The Panel therefore finds that the disputed domain name is confusingly similar to a trade mark in which the Complainant has rights.
B. Rights or Legitimate Interests
Paragraph 4(c) of the Policy sets out, without limitation, circumstances by which a respondent might show that it has rights or legitimate interests in a domain name, namely;
(i) before any notice to it of the dispute, it had used or made demonstrable preparations to use, the domain name or a name corresponding to the domain name in connection with a bona fide offering of goods or services; or
(ii) it had been commonly known by the domain name, even if it had acquired no trade mark or service mark rights; or
(iii) it was making a legitimate noncommercial or fair use of the domain name, without intent for commercial gain to misleadingly divert consumers or to tarnish the trade mark or service mark at issue.
When a respondent’s website purports to comprise a tribute website, a panel is required to determine if it is a genuine and good faith website or a sham website, intended to disguise a less worthy intention on the respondent’s part.

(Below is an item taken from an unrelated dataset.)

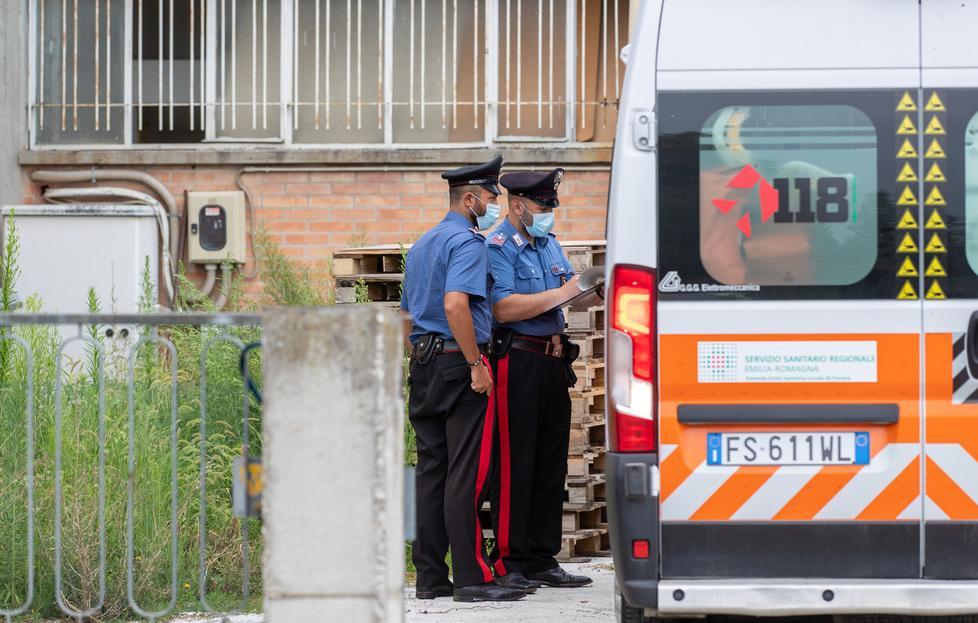 Cade dal tetto del capannone Grave il titolare dell’azienda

Section 2.7.1 of the WIPO Overview 3.0 explains that: “…for purposes of assessing fair use under UDRP paragraph 4(c)(iii), a respondent’s fan site must be active, genuinely noncommercial, and clearly distinct from any official complainant site. Again, similar to claimed criticism sites, there are a number of UDRP cases in which the respondent claims to have a true fan site but the panel finds that it is primarily a pretext for cybersquatting or commercial activity”.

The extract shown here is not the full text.